### Task directions
Please transcribe the data below exactly. Leave the pictures out.

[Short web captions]
"""
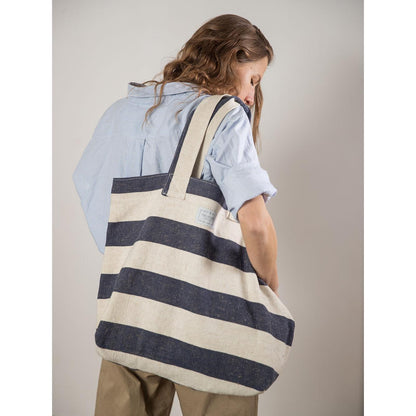BEACH BAG - Reclaimed stripe canvas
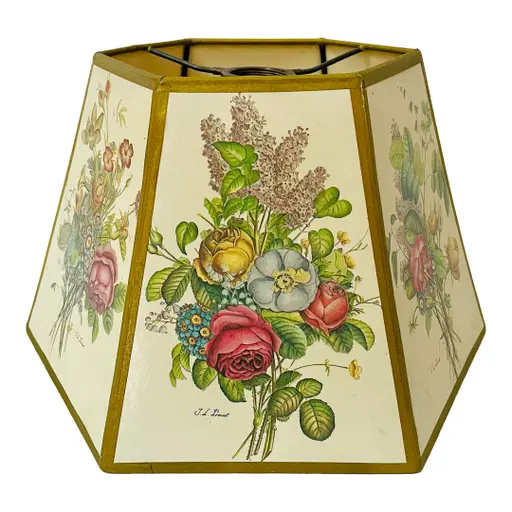 Mid-century Floral Rose Paper Hexagonal Lampshade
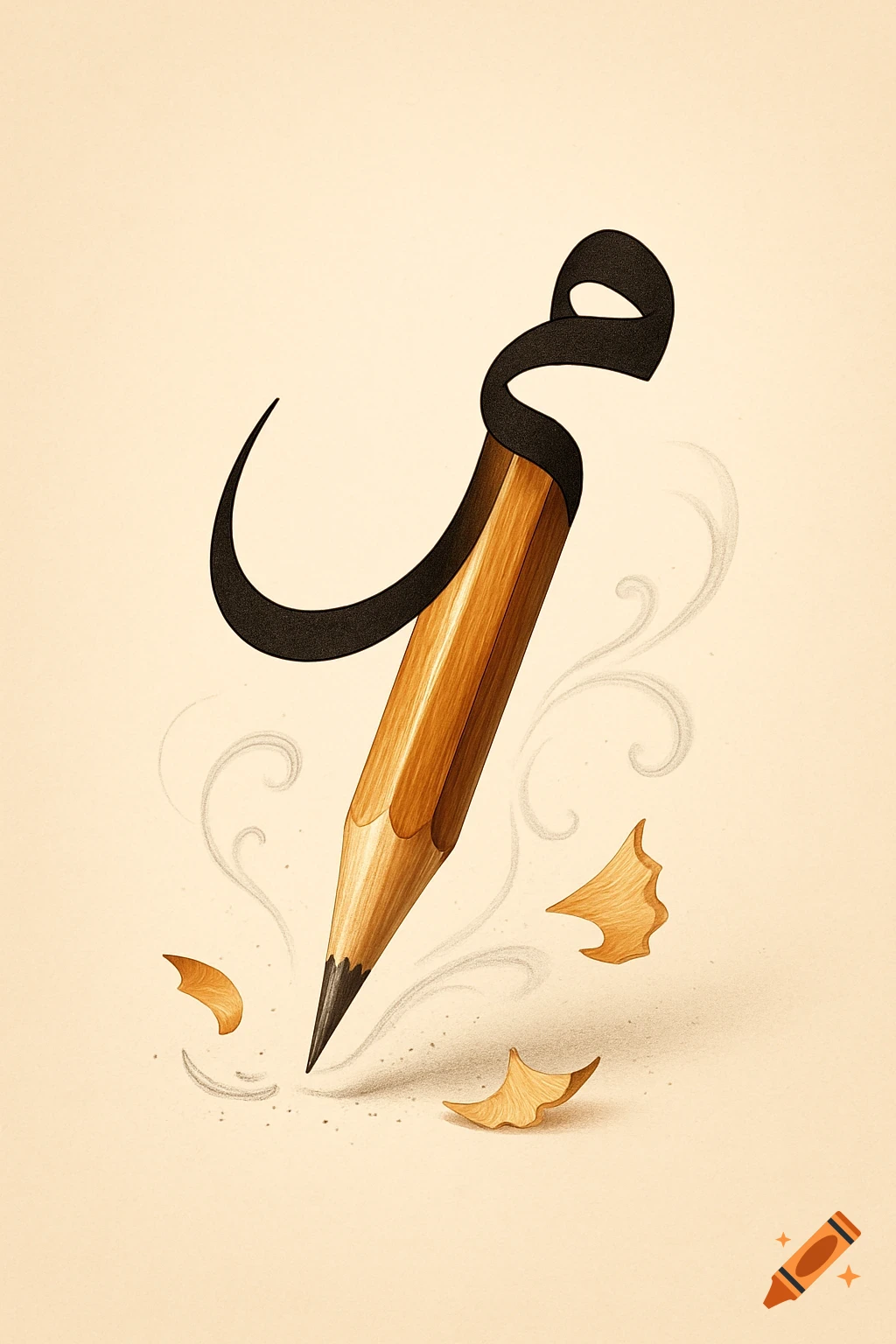 An illustrated wooden pencil with a black calligraphic Arabic letter 'Mim' wrapped around it, and wood shavings.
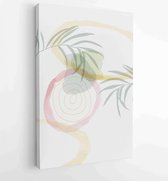 Canvas schilderij - Summer tropical wall arts vector. Palm leaves, coconut leaf, monstera leaf, line arts 2 -    – 1922500763 - 115*75 Vertical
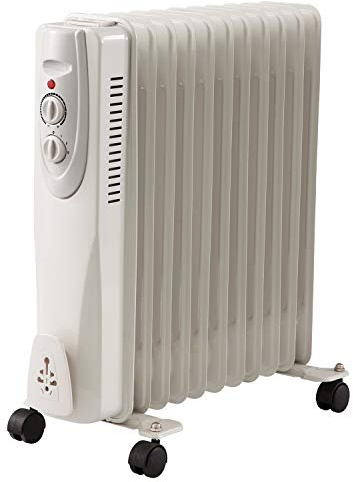 2500W 11 Fin Oil Filled Radiator, 3 Heat Settings and Thermostat Timer, Overheat Safety Cut-off, 2.5kw Portable Heater with Quiet Operation, White (1)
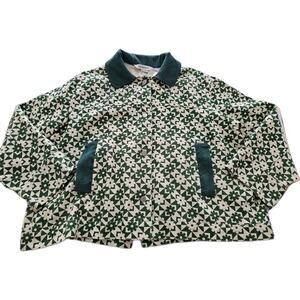 DAVI & DANI Retro Floral Jacket Size Large Oversize Corduroy Daisies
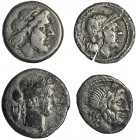 Lote de 4 monedas: denario, quinario y victoriatos (2). Una de ellas partida. BC+/MBC-.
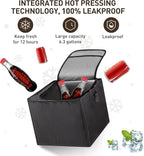 HIRALIY 4 in 1 Car Trunk Storage Organizer with Leakproof Cooler Bag, Multi-Compartment Foldable Trunk Storage Box for Car Truck SUV Black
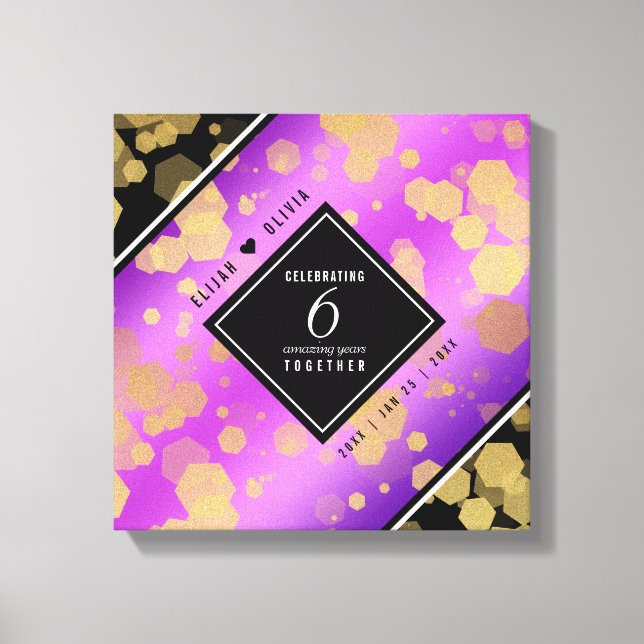 Elegant 6th Amethyst Wedding Anniversary Canvas Print (Front)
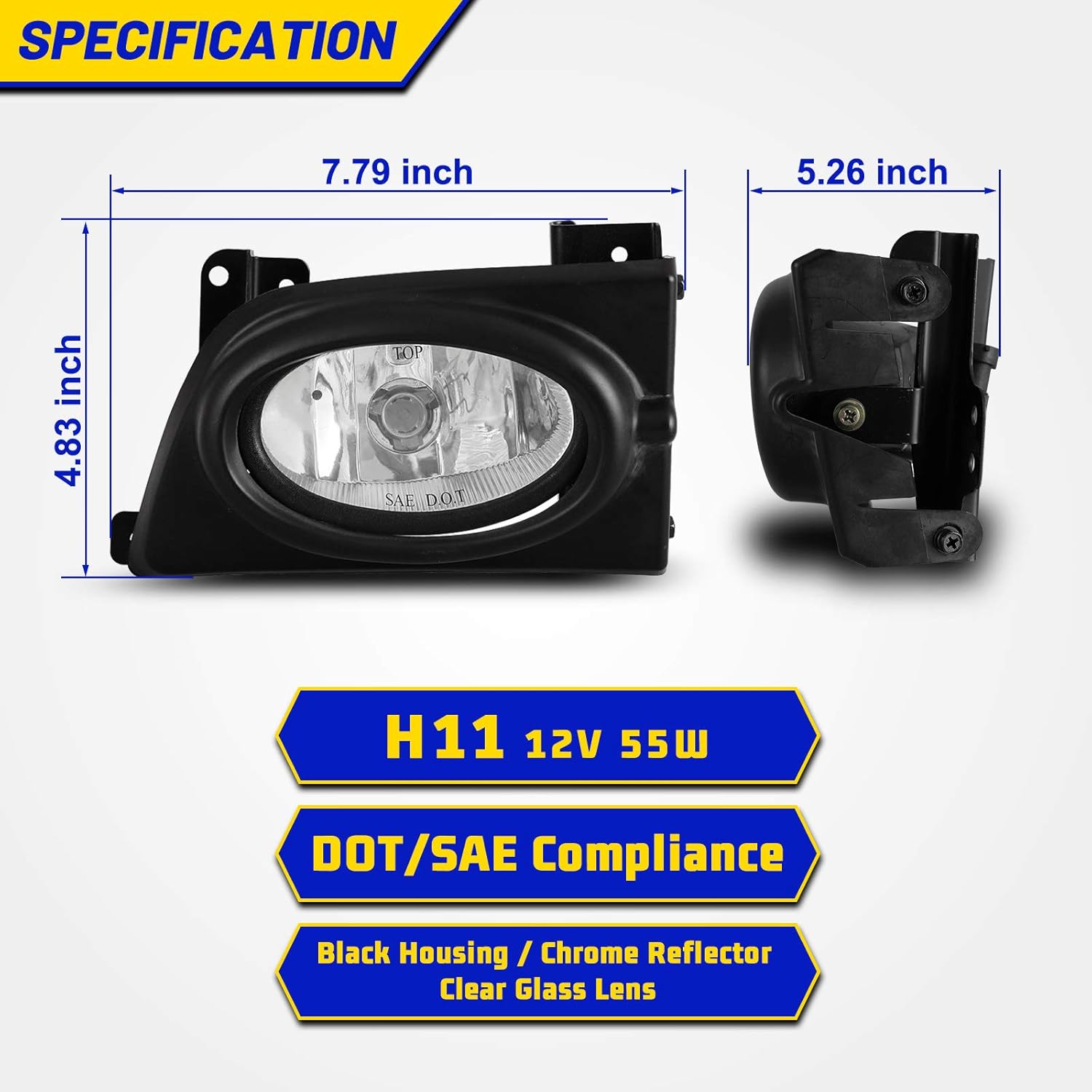 Fog Lights for Honda Civic Sedan 4 Door 2006 2007 2008 with H11 12V55W Bulbs Fog Lamps Assembly Replacement Included Wiring Kits & Switch- 1 Pair (Clear Glass Lens)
"""
### Worked solution
BEACH BAG - Reclaimed stripe canvas
 Mid-century Floral Rose Paper Hexagonal Lampshade
 An illustrated wooden pencil with a black calligraphic Arabic letter 'Mim' wrapped around it, and wood shavings.
 Canvas schilderij - Summer tropical wall arts vector. Palm leaves, coconut leaf, monstera leaf, line arts 2 -    – 1922500763 - 115*75 Vertical
 2500W 11 Fin Oil Filled Radiator, 3 Heat Settings and Thermostat Timer, Overheat Safety Cut-off, 2.5kw Portable Heater with Quiet Operation, White (1)
 DAVI & DANI Retro Floral Jacket Size Large Oversize Corduroy Daisies
 Lote de 4 monedas: denario, quinario y victoriatos (2). Una de ellas partida. BC+/MBC-.
 HIRALIY 4 in 1 Car Trunk Storage Organizer with Leakproof Cooler Bag, Multi-Compartment Foldable Trunk Storage Box for Car Truck SUV Black
 Elegant 6th Amethyst Wedding Anniversary Canvas Print (Front)
 Fog Lights for Honda Civic Sedan 4 Door 2006 2007 2008 with H11 12V55W Bulbs Fog Lamps Assembly Replacement Included Wiring Kits & Switch- 1 Pair (Clear Glass Lens)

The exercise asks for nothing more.